## Task goal
Each line from the one bearing "Other - 811" through the last line of the entries below should be returned exactly, with pictures left out.

## Data supplied
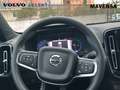 Volvo XC40 B3 Core Aut. Azul - thumbnail 16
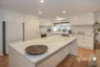 35 Tyrone Loop, Margaret River, WA 6285-Image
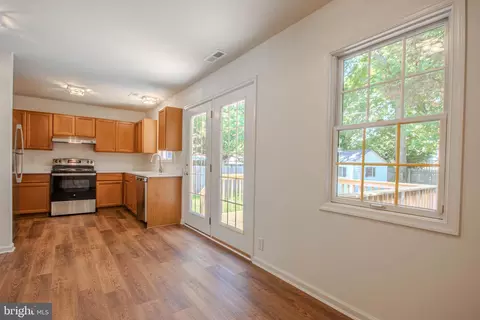 Other - 811 Springfield Cir, Salisbury, MD 21804 photo 4 of 7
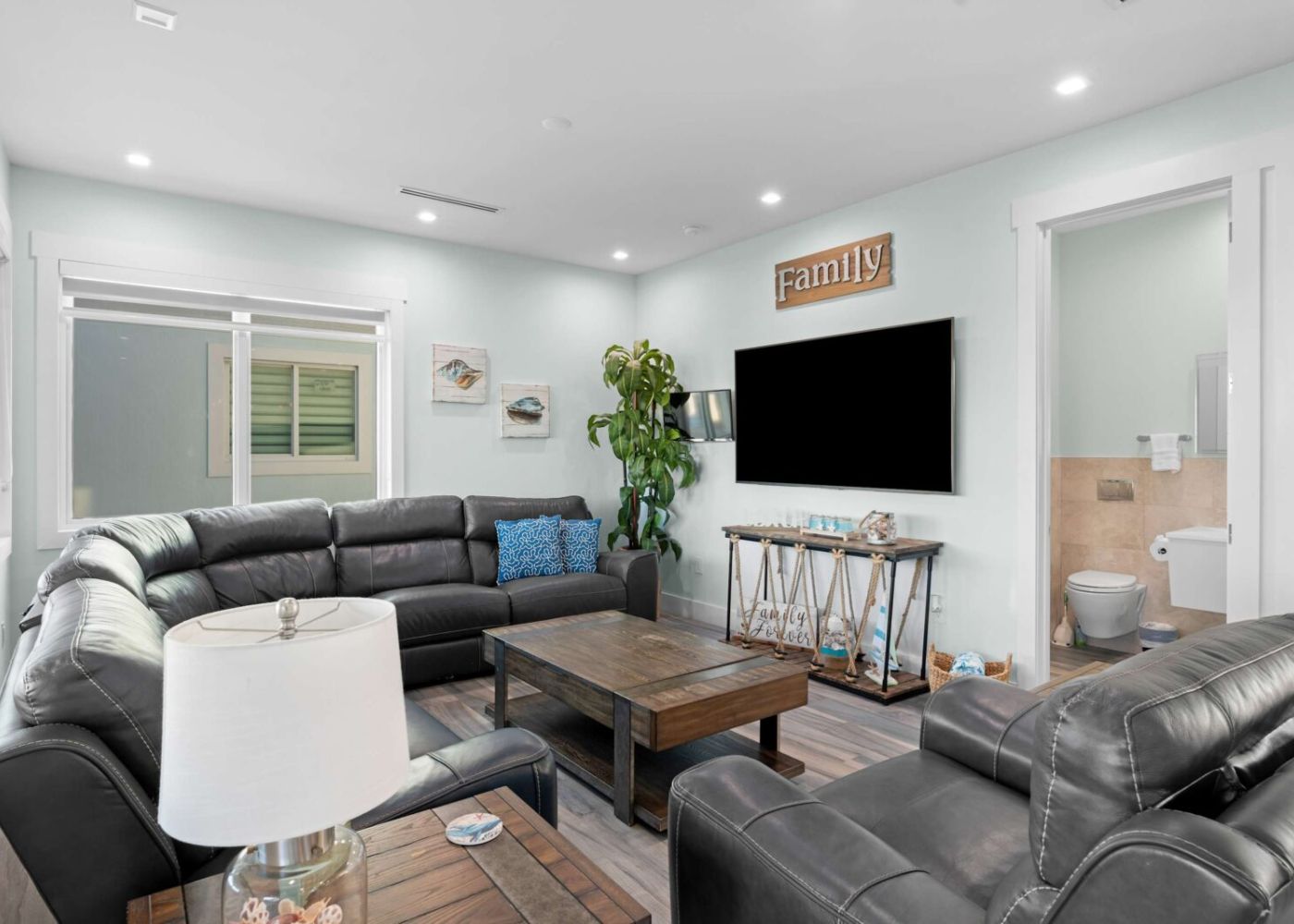 Bhzev6atazhtkaqnhb8l 1 81ed5a57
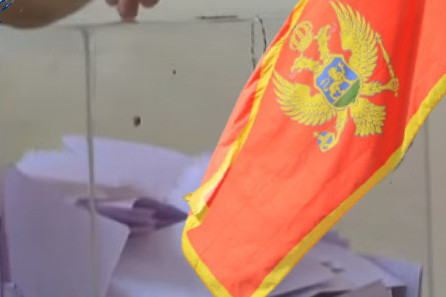 Odluku o zabrani biračkih mesta u Crnoj Gori donelo Ministarstvo spoljnih poslova bez konsultacija sa Vladom!?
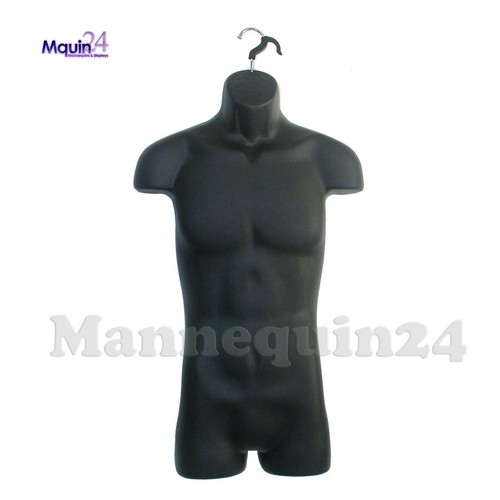 Manichino appendere uomo - manichino,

## Answer to the problem
 Other - 811 Springfield Cir, Salisbury, MD 21804 photo 4 of 7
 Bhzev6atazhtkaqnhb8l 1 81ed5a57
 Odluku o zabrani biračkih mesta u Crnoj Gori donelo Ministarstvo spoljnih poslova bez konsultacija sa Vladom!?
 Manichino appendere uomo - manichino,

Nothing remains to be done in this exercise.